EXHIBIT 10.18
As of December 18, 2008
Premix-Marbletite Manufacturing
Co.,
DFH, Inc. and Just-Rite Supply,
Inc.
Re:
Amendment #9 (the "Amendment") to
the Consolidating, Amended and Restated Financing Agreement and
Security Agreement dated January 28, 2000 among Wachovia Bank,
National Association, successor by merger to Congress Financial
Corporation (Florida) ("Lender"), and Premix-Marbletite
Manufacturing Co., DFH, Inc. (formerly known as Acro Holdings,
Inc., formerly known as Acrocrete, Inc.) and Just-Rite Supply, Inc.

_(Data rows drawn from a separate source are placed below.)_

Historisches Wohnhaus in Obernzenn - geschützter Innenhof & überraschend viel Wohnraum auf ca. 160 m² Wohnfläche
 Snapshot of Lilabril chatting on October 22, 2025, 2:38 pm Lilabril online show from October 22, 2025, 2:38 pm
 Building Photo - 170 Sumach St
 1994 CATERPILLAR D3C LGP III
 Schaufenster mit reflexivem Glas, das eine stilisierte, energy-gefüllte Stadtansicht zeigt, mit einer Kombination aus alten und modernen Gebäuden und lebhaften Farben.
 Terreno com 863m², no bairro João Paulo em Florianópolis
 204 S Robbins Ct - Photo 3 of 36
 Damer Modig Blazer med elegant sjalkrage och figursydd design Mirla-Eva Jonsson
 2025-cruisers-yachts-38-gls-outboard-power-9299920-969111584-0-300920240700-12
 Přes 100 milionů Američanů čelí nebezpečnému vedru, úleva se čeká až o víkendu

(collectively referred to herein as "Borrowers" and individually as
a "Borrower")
Ladies and Gentlemen:
Reference is made to that certain
Consolidating, Amended and Restated Financing Agreement and
Security Agreement dated January 28, 2000 (as the same has been or
may hereafter be amended or modified from time to time, the "Loan
Agreement") among Lender and Borrowers. As used herein, all
capitalized terms not defined herein shall have the respective
meanings set forth in the Loan Agreement.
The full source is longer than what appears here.